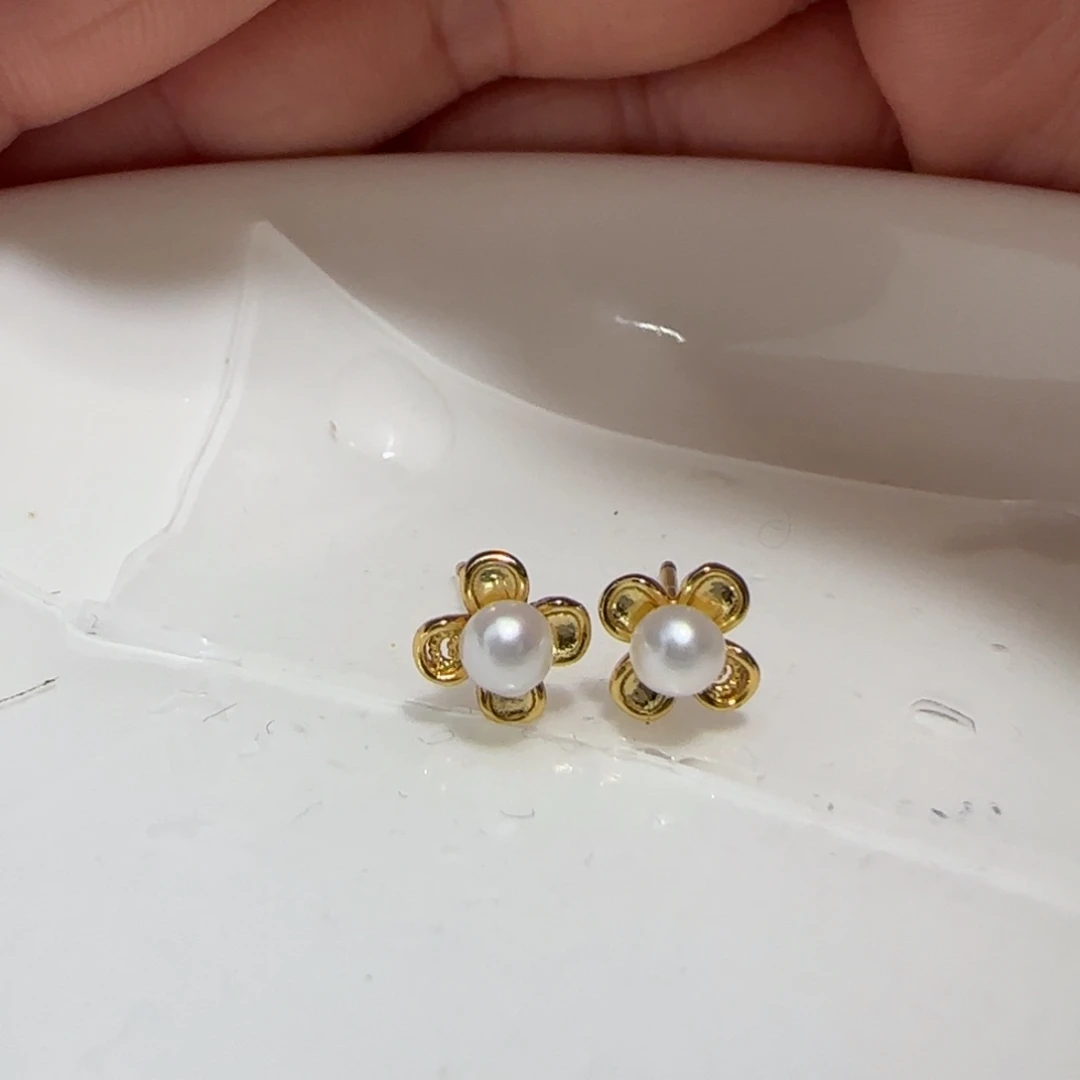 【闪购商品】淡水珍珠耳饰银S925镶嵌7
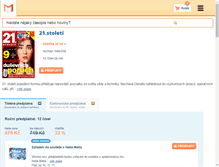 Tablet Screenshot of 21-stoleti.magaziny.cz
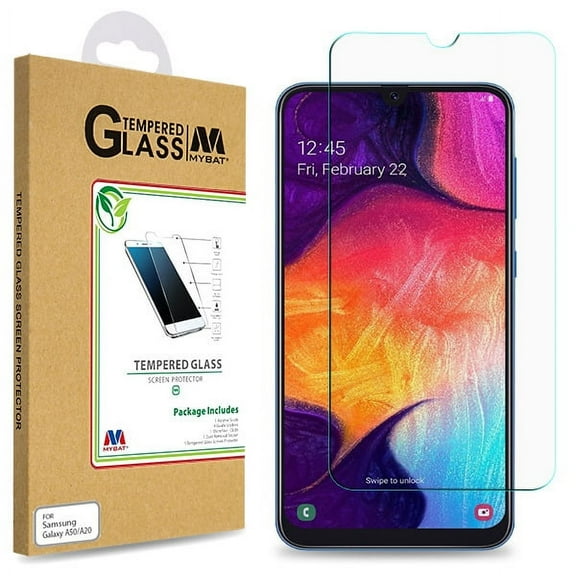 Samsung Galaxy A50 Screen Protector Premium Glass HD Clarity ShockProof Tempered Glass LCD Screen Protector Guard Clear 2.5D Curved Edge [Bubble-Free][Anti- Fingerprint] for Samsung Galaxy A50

*****

§ **WHAT IS REQUIRED**
Output the full listing above exactly, excluding all pictures.

§ **TASK SOLUTION**
 【闪购商品】淡水珍珠耳饰银S925镶嵌7
 Tablet Screenshot of 21-stoleti.magaziny.cz
 Samsung Galaxy A50 Screen Protector Premium Glass HD Clarity ShockProof Tempered Glass LCD Screen Protector Guard Clear 2.5D Curved Edge [Bubble-Free][Anti- Fingerprint] for Samsung Galaxy A50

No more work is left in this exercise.